2. LGBM model is trainined on X_train. 'num_boost_round' indicates the number of boosting iterations. Early_stopping_rounds is used to stop training if the validation score does not improve for 5 consecutive rounds, which helps in preventing overfitting.

Note: Increasing the num_boost_round decreased the rmsle

In [14]:
params = {
    'boosting_type': 'gbdt',
    'objective': 'regression',
    'metric': {'l2', 'l1'},
    'num_leaves': 31,
    'learning_rate': 0.05,
    'feature_fraction': 0.9,
    'bagging_fraction': 0.8,
    'bagging_freq': 5,
    'verbose': 0
}

# Train the model
gbm = lgb.train(params,
                lgb_train,
                num_boost_round=90,
                valid_sets=lgb_eval,
                callbacks=[lgb.early_stopping(stopping_rounds=5)])


Training until validation scores don't improve for 5 rounds
Did not meet early stopping. Best iteration is:
[90]	valid_0's l1: 6739.08	valid_0's l2: 9.97596e+07


## Making Prediction and Calculating RMSLE

The trained model is now used to predict the sale price on the validation set. 

RMSLE (Root Mean Squared Logarithmic Error) is used to evaluate model performance. The RMSLE is a measure of the ratio between the actual and predicted values. The logarithmic part of the equation helps evaluate performance well in cases where the target variable has a wide range of values. Our target variable here is the price of the tractor, and it does indeed have a very wide range or possible values. Also, RMSLE was the metric used to evaluate the performance of the models in the original Kaggle competition for this dataset. 
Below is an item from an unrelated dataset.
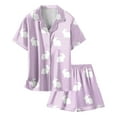 thumbnail image 4 of TOOYOU Girls Sleepwear 2 Pack Pajamas Easter Day Printed Pjs Short Sleeved Button Top Shorts Homewear Pjs Set Sweet Girl Lightweight Pyjamas Size 6-7 Years Light Purple, 4 of 4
A smaller RMSLE value means better performance, with 0 being the ideal score indicating perfect predictions.

In [15]:
y_pred = gbm.predict(X_val, num_iteration=gbm.best_iteration)


In [16]:

rmsle = np.sqrt(mean_squared_error(np.log1p(y_val), np.log1p(y_pred)))
print("RMSLE on validation set:", rmsle)

RMSLE on validation set: 0.31593054635125856


The RMSLE value of ~0.3159 obtained is a fairly good value, amongst the top 100 in the [Kaggle competition leaderboards](https://www.kaggle.com/competitions/bluebook-for-bulldozers/leaderboard).